THE RECORDS:
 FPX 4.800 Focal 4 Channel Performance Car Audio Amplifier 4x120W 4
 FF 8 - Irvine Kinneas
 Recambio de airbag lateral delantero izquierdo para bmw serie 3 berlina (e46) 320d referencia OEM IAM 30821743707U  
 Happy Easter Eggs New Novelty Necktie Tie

---

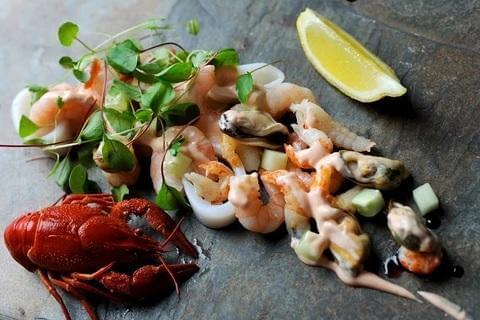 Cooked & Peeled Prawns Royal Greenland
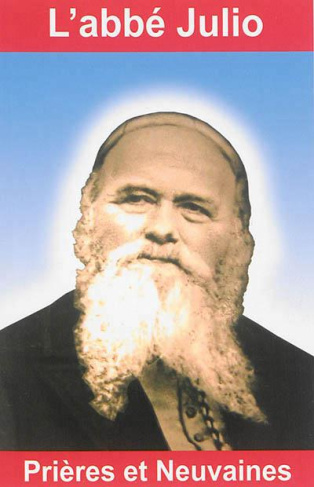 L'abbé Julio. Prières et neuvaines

* * *

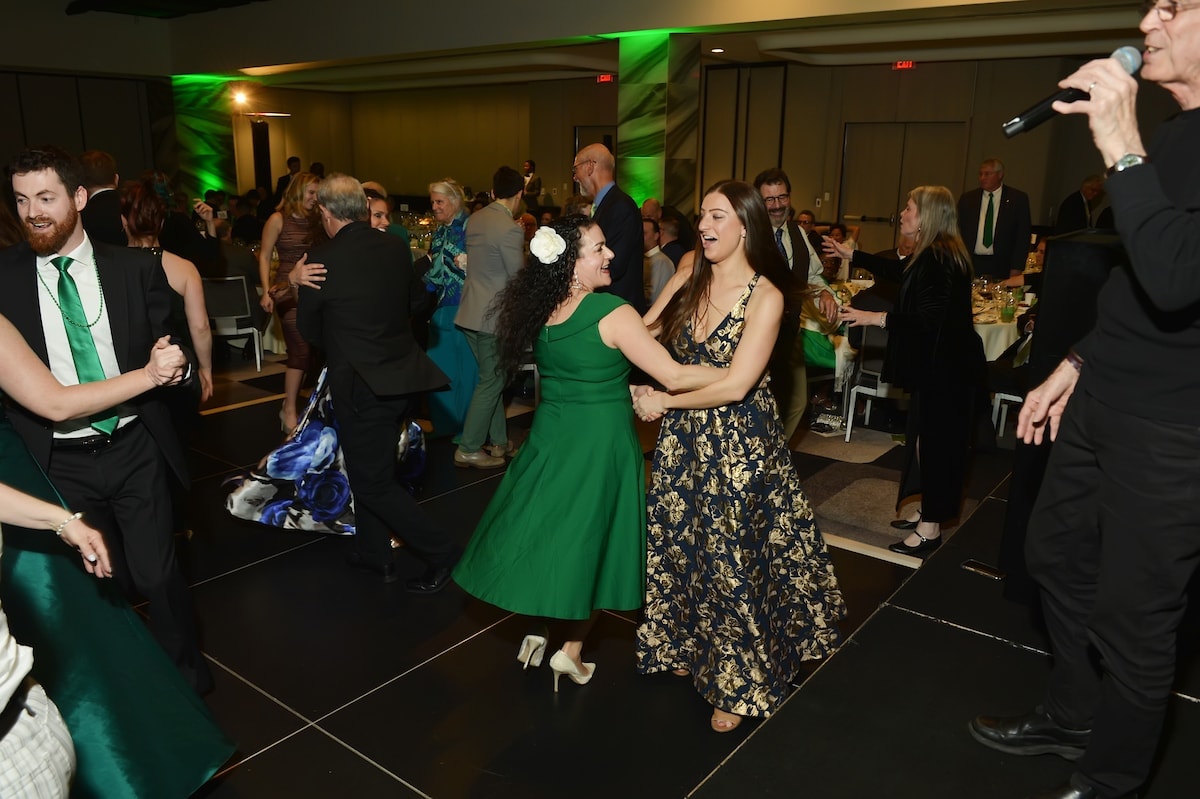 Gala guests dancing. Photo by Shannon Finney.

DIRECTIONS: What are the lines, exactly as written above, from the line with "FPX 4.800 Focal" to the line with "Happy Easter Eggs New Novelty Necktie Tie", both included? Output only those.

REPLY TO THE EXERCISE:
 FPX 4.800 Focal 4 Channel Performance Car Audio Amplifier 4x120W 4
 FF 8 - Irvine Kinneas
 Recambio de airbag lateral delantero izquierdo para bmw serie 3 berlina (e46) 320d referencia OEM IAM 30821743707U  
 Happy Easter Eggs New Novelty Necktie Tie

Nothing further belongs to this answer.